Local 340 members in Maine have also complained that they’ve been working up to 13 or 14-hours a day due to a lack of staffing to handle the massive volume of parcels that surged during the pandemic and hasn’t let up since. Although there are disincentives in the current contract for forcing drivers to do excessive overtime, the company has chosen instead to continue to mandate forced overtime in violation of the contract and pay the penalties as a cost of doing business. Under the new agreement, the company has agreed to end forced overtime on Teamster drivers’ days off. Drivers would keep one of two workweek schedules and could not be forced into overtime on scheduled off-days. In addition the agreement includes:

  • Safety and health protections, including vehicle air conditioning and cargo ventilation. UPS will equip in-cab A/C in all larger delivery vehicles, sprinter vans, and package cars purchased after Jan. 1, 2024. All cars get two fans and air induction vents in the cargo compartments.
  • All UPS Teamsters would receive Martin Luther King Day as a full holiday for the first time.
  • UPS Teamster part-timers will have priority to perform all seasonal support work using their own vehicles with a locked-in eight-hour guarantee. For the first time, seasonal work will be contained to five weeks only from November-December.
  • More than 60 total changes and improvements to the National Master Agreement — more than any other time in Teamsters history — and zero concessions from the rank-and-file.

Miller said he is particularly encouraged that the company has agreed to create 7,500 new full-time Teamster jobs at UPS and the fulfillment of 22,500 open positions, establishing more opportunities through the life of the agreement for part-timers to transition to full-time work.

“I am hoping to add 200 or 300 jobs in Maine,” Miller added. “I believe to adequately address contractual language that allows workers to take single days off and holidays, we need the staffing to do it.
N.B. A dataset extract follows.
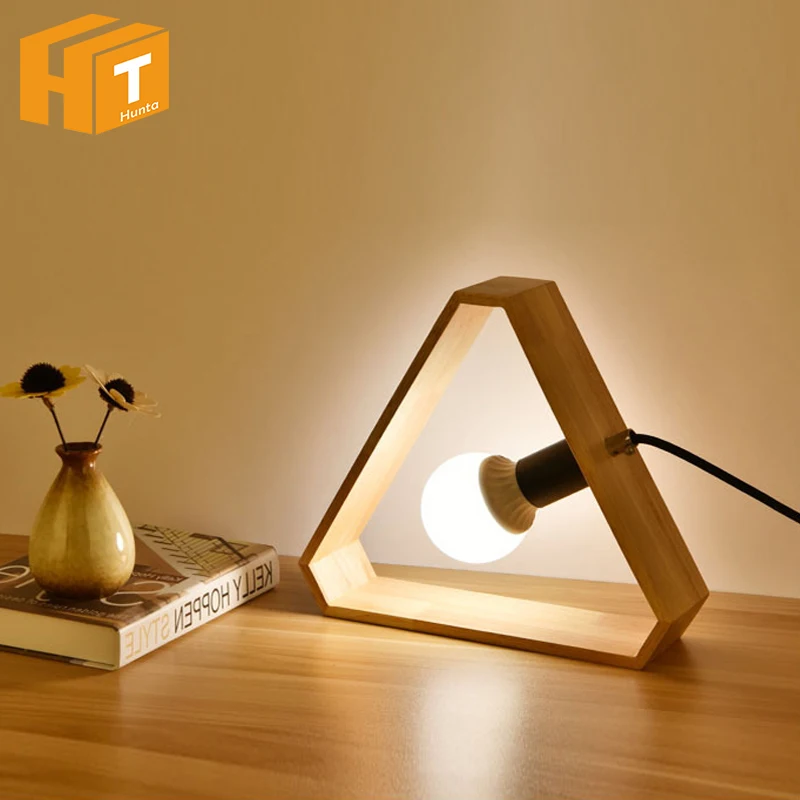 wooden desk lamp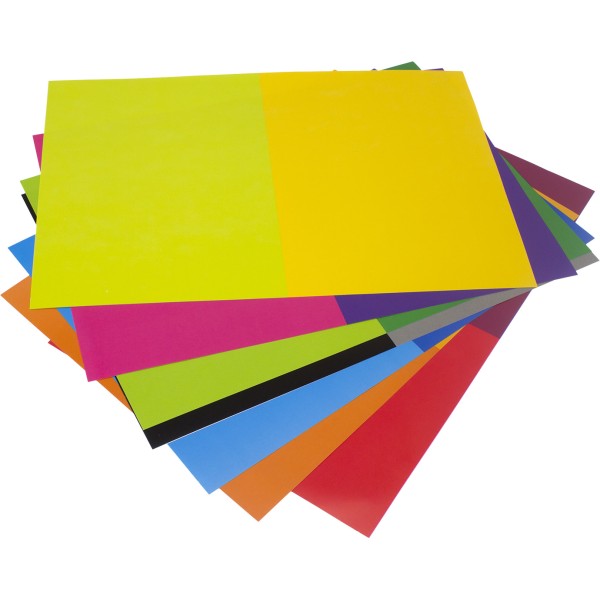 Бумага цветная A4 7 листов Цветной дуэт Тетрада (50) 1197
Our number one goal once this contract is ratified is to ensure the company fills every vacant position so our people can have the quality of life balance they deserve.”

On July 31, representatives of the 176 UPS Teamster locals in the U.S. and Puerto Rico will meet to review and recommend the tentative agreement. All UPS rank-and-file members will receive a list of improvements in the contract. Locals will conduct member meetings and Teamsters will have several weeks to vote on the offer electronically. Member voting begins August 3 and concludes August 22.

The UPS Teamsters National Master Agreement is the single largest private-sector collective bargaining agreement in North America. Teamsters Local 340 represents 4,000 union members, including UPS workers, freight drivers, University of Maine staff, firefighters, municipal employees in Maine.